/---
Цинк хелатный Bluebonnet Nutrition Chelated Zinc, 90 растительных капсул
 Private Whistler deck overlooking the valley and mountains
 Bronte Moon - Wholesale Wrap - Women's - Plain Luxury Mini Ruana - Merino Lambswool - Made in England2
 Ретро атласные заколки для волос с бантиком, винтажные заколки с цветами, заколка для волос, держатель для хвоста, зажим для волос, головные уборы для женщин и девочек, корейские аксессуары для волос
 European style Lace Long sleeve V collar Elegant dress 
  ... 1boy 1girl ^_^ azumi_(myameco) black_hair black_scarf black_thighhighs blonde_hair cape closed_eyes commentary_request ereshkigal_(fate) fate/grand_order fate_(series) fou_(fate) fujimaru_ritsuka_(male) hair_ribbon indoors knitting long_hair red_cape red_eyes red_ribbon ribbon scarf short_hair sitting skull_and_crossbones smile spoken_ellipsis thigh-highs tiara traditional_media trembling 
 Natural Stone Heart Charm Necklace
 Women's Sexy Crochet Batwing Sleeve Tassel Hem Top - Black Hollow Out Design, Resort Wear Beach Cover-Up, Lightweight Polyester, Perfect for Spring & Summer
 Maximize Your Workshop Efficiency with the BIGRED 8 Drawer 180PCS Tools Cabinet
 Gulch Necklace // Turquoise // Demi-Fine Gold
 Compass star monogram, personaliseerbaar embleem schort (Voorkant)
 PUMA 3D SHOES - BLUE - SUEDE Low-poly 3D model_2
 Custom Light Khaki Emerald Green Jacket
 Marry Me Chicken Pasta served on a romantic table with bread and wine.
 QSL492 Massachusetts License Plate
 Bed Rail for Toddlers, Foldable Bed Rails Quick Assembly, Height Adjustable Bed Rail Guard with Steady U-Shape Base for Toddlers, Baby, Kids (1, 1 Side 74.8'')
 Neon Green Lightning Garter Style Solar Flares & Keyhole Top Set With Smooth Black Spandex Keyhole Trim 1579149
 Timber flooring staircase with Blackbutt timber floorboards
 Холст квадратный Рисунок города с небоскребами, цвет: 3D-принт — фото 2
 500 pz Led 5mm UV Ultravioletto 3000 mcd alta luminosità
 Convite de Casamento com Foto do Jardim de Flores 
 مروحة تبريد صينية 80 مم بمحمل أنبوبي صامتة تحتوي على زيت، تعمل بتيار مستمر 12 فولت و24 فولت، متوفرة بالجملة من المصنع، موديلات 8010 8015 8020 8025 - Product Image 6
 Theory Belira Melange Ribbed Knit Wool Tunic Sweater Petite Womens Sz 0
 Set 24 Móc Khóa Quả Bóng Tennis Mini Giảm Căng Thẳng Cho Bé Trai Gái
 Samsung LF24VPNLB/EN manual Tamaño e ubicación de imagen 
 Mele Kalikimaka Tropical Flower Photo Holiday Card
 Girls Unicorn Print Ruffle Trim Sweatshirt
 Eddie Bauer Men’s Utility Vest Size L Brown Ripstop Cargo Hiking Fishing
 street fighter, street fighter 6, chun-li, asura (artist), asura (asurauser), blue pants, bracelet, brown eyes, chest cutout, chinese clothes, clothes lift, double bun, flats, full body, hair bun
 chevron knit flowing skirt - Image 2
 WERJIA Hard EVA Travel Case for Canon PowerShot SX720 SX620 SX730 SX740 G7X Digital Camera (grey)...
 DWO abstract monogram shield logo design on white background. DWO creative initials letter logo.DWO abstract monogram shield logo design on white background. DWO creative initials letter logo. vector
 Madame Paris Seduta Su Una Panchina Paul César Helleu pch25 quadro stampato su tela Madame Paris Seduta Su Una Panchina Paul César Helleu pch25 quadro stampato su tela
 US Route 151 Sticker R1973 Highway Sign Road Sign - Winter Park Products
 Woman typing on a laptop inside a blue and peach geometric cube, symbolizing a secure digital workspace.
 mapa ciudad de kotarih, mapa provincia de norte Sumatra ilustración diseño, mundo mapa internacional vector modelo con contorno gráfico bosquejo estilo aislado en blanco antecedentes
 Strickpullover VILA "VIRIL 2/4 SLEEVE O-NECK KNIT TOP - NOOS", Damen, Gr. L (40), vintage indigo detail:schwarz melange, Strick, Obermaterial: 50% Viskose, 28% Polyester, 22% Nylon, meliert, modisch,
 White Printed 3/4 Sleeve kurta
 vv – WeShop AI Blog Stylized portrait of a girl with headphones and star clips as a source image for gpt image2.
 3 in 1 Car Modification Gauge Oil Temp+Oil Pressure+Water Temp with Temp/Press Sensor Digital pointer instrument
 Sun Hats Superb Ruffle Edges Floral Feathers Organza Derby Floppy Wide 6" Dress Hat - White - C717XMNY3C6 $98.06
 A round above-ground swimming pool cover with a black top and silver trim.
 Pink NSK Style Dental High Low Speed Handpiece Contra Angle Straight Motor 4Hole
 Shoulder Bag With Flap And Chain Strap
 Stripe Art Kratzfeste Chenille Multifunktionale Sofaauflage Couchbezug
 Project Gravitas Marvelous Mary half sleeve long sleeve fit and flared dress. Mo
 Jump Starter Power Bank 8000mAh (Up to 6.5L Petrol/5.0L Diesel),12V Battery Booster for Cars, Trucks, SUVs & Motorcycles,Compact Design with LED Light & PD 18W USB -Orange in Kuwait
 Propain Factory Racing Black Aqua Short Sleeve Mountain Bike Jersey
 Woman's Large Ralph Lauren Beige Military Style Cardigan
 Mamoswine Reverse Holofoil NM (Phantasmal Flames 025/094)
\---
**Aim of the exercise**
The full listing above should be returned exactly as supplied.

**Result of the exercise**
Цинк хелатный Bluebonnet Nutrition Chelated Zinc, 90 растительных капсул
 Private Whistler deck overlooking the valley and mountains
 Bronte Moon - Wholesale Wrap - Women's - Plain Luxury Mini Ruana - Merino Lambswool - Made in England2
 Ретро атласные заколки для волос с бантиком, винтажные заколки с цветами, заколка для волос, держатель для хвоста, зажим для волос, головные уборы для женщин и девочек, корейские аксессуары для волос
 European style Lace Long sleeve V collar Elegant dress 
  ... 1boy 1girl ^_^ azumi_(myameco) black_hair black_scarf black_thighhighs blonde_hair cape closed_eyes commentary_request ereshkigal_(fate) fate/grand_order fate_(series) fou_(fate) fujimaru_ritsuka_(male) hair_ribbon indoors knitting long_hair red_cape red_eyes red_ribbon ribbon scarf short_hair sitting skull_and_crossbones smile spoken_ellipsis thigh-highs tiara traditional_media trembling 
 Natural Stone Heart Charm Necklace
 Women's Sexy Crochet Batwing Sleeve Tassel Hem Top - Black Hollow Out Design, Resort Wear Beach Cover-Up, Lightweight Polyester, Perfect for Spring & Summer
 Maximize Your Workshop Efficiency with the BIGRED 8 Drawer 180PCS Tools Cabinet
 Gulch Necklace // Turquoise // Demi-Fine Gold
 Compass star monogram, personaliseerbaar embleem schort (Voorkant)
 PUMA 3D SHOES - BLUE - SUEDE Low-poly 3D model_2
 Custom Light Khaki Emerald Green Jacket
 Marry Me Chicken Pasta served on a romantic table with bread and wine.
 QSL492 Massachusetts License Plate
 Bed Rail for Toddlers, Foldable Bed Rails Quick Assembly, Height Adjustable Bed Rail Guard with Steady U-Shape Base for Toddlers, Baby, Kids (1, 1 Side 74.8'')
 Neon Green Lightning Garter Style Solar Flares & Keyhole Top Set With Smooth Black Spandex Keyhole Trim 1579149
 Timber flooring staircase with Blackbutt timber floorboards
 Холст квадратный Рисунок города с небоскребами, цвет: 3D-принт — фото 2
 500 pz Led 5mm UV Ultravioletto 3000 mcd alta luminosità
 Convite de Casamento com Foto do Jardim de Flores 
 مروحة تبريد صينية 80 مم بمحمل أنبوبي صامتة تحتوي على زيت، تعمل بتيار مستمر 12 فولت و24 فولت، متوفرة بالجملة من المصنع، موديلات 8010 8015 8020 8025 - Product Image 6
 Theory Belira Melange Ribbed Knit Wool Tunic Sweater Petite Womens Sz 0
 Set 24 Móc Khóa Quả Bóng Tennis Mini Giảm Căng Thẳng Cho Bé Trai Gái
 Samsung LF24VPNLB/EN manual Tamaño e ubicación de imagen 
 Mele Kalikimaka Tropical Flower Photo Holiday Card
 Girls Unicorn Print Ruffle Trim Sweatshirt
 Eddie Bauer Men’s Utility Vest Size L Brown Ripstop Cargo Hiking Fishing
 street fighter, street fighter 6, chun-li, asura (artist), asura (asurauser), blue pants, bracelet, brown eyes, chest cutout, chinese clothes, clothes lift, double bun, flats, full body, hair bun
 chevron knit flowing skirt - Image 2
 WERJIA Hard EVA Travel Case for Canon PowerShot SX720 SX620 SX730 SX740 G7X Digital Camera (grey)...
 DWO abstract monogram shield logo design on white background. DWO creative initials letter logo.DWO abstract monogram shield logo design on white background. DWO creative initials letter logo. vector
 Madame Paris Seduta Su Una Panchina Paul César Helleu pch25 quadro stampato su tela Madame Paris Seduta Su Una Panchina Paul César Helleu pch25 quadro stampato su tela
 US Route 151 Sticker R1973 Highway Sign Road Sign - Winter Park Products
 Woman typing on a laptop inside a blue and peach geometric cube, symbolizing a secure digital workspace.
 mapa ciudad de kotarih, mapa provincia de norte Sumatra ilustración diseño, mundo mapa internacional vector modelo con contorno gráfico bosquejo estilo aislado en blanco antecedentes
 Strickpullover VILA "VIRIL 2/4 SLEEVE O-NECK KNIT TOP - NOOS", Damen, Gr. L (40), vintage indigo detail:schwarz melange, Strick, Obermaterial: 50% Viskose, 28% Polyester, 22% Nylon, meliert, modisch,
 White Printed 3/4 Sleeve kurta
 vv – WeShop AI Blog Stylized portrait of a girl with headphones and star clips as a source image for gpt image2.
 3 in 1 Car Modification Gauge Oil Temp+Oil Pressure+Water Temp with Temp/Press Sensor Digital pointer instrument
 Sun Hats Superb Ruffle Edges Floral Feathers Organza Derby Floppy Wide 6" Dress Hat - White - C717XMNY3C6 $98.06
 A round above-ground swimming pool cover with a black top and silver trim.
 Pink NSK Style Dental High Low Speed Handpiece Contra Angle Straight Motor 4Hole
 Shoulder Bag With Flap And Chain Strap
 Stripe Art Kratzfeste Chenille Multifunktionale Sofaauflage Couchbezug
 Project Gravitas Marvelous Mary half sleeve long sleeve fit and flared dress. Mo
 Jump Starter Power Bank 8000mAh (Up to 6.5L Petrol/5.0L Diesel),12V Battery Booster for Cars, Trucks, SUVs & Motorcycles,Compact Design with LED Light & PD 18W USB -Orange in Kuwait
 Propain Factory Racing Black Aqua Short Sleeve Mountain Bike Jersey
 Woman's Large Ralph Lauren Beige Military Style Cardigan
 Mamoswine Reverse Holofoil NM (Phantasmal Flames 025/094)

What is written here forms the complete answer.